Soooooo.... I have been playing (working) with the fleece I've acquired.

On June 21st I attended the Lambs Down Festival in Carleton Place and was fortunate enough to bump into Carlene, a woman I met at the Knit Knackers Spin night and who is also a member of the Ottawa Valley Weavers' and Spinners' Guild.

Since this was held at the Canadian Cooperative Wool Growers location, I knew she had snagged a good load of fleece recently.  Thankfully, she was ever so helpful and directed me to the location for picking out fleece.  We found a gentleman there, who provided garbage bags and said "go to it".

I filled 2 garbage bags!!  14 lbs of fleece, of a medium-coarse grade, for $3.00 per lb.  Unfortunately, you really have to dig through them and have at least some knowledge of what you're looking for, in order to process and spin it into yarn.  

That was where Carlene was most helpful.  Even though the fleeces are just dumped in a bin, sorting through it and finding what looks to be decent quality is the trick.  And just so you know, in the farming vernacular, a "tag" is a big-ass lump of crap from the sheep's rear end.  LOL  Carlene just about jumped when she warned me I almost put my hand on a big lump of it.

Anyways, she was a good sport and spent the time helping me and I can't thank her enough.

Enough of that... now for pictures:

Raw fleece, ready to be washed

Drying in the sun

Close up

Length of locks (tails) Batch 1
These are about 6" long when stretched out

Batch 2 - I didn't take pics before washing, this is what it looks like dried.

I sat last night for about 4 hrs and pulled out locks for dyeing.
These locks are 8 - 10 inches long.

Tails that weren't clean enough for dyeing, I sat and "flicked", basically, used a small dog slicker brush to brush them out and remove any vm (vegetable matter)

The whole batch I did last night while watching a couple movies.  Processing fleece is not for the faint of heart, there's a ton of work involved.

First batch this morning, dyeing the locks.  My inspiration for this?
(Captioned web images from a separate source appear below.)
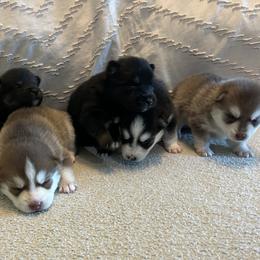 Pomsky puppies from Pomsky Hills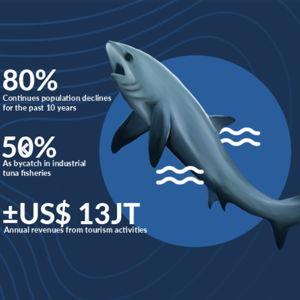 Donation to Thresher Shark Indonesia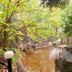 Pemandangan luar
Natalie Redding from Namaste Farms in California.  This woman is amazing and has awesome youtube videos showing how she makes her fabulous yarns.
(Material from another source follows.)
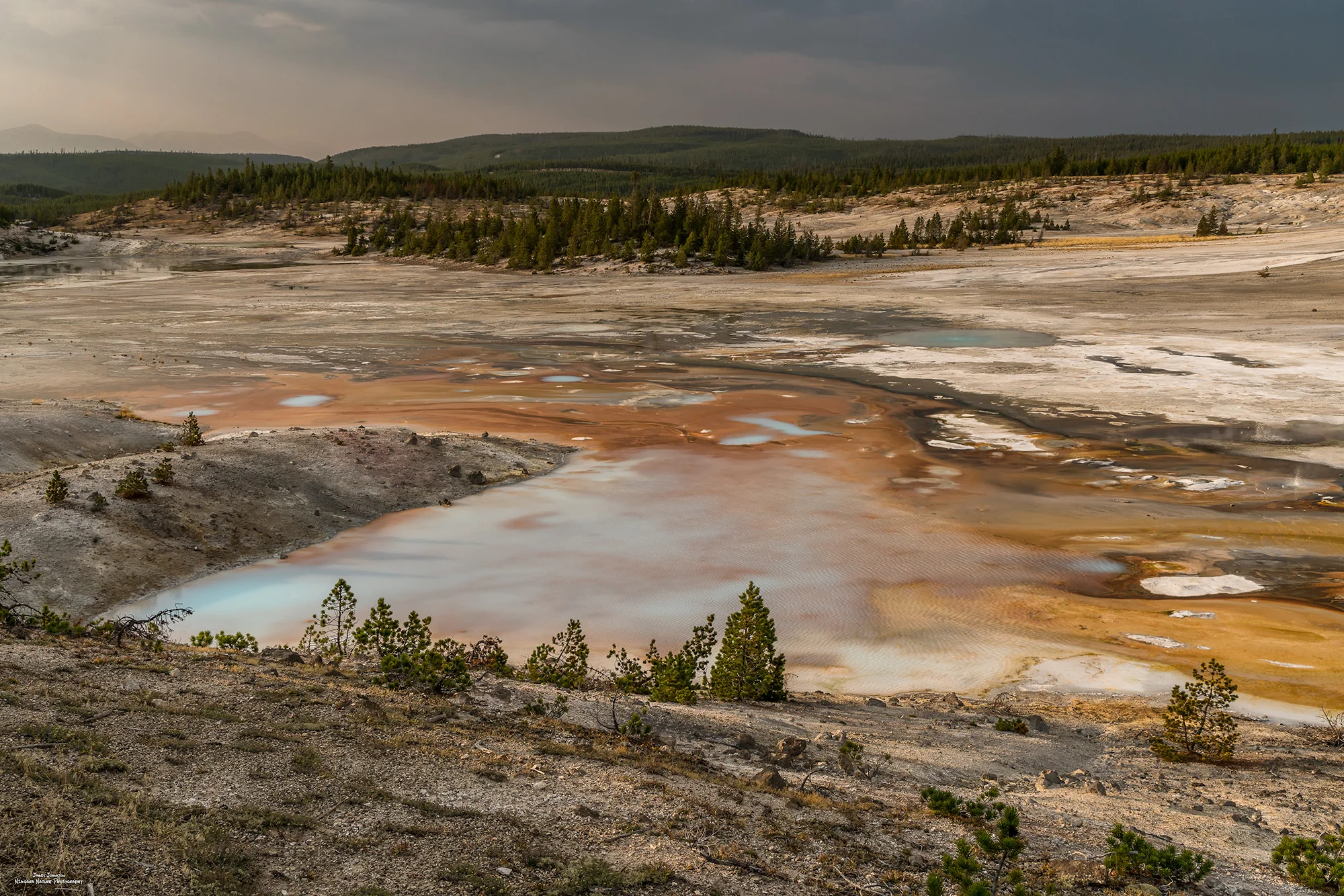 Norris Geyser Basin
Locks drying in the sun!  Aren't they pretty??

I have a couple more batches being dyed right now.  I'm adding to the orange/yellow.... I want a lot of these to make a really cool scarf.

This morning has been so nice outside, I grabbed the rest of the batch and sat and flicked and carded more of the same batch.  It's not something you really want to do in the house if you can avoid it.  The pile of dirt that ends up on the floor is significant.

Now with all the fluffy stuff that's left, I'm going to do some spinning with it tonight.  I really have no idea what breed this is, but the fleece is so soft, silky and has an amazing sheen to it, that I think it's going to spin up beautifully.

Will post pictures when some of that is completed.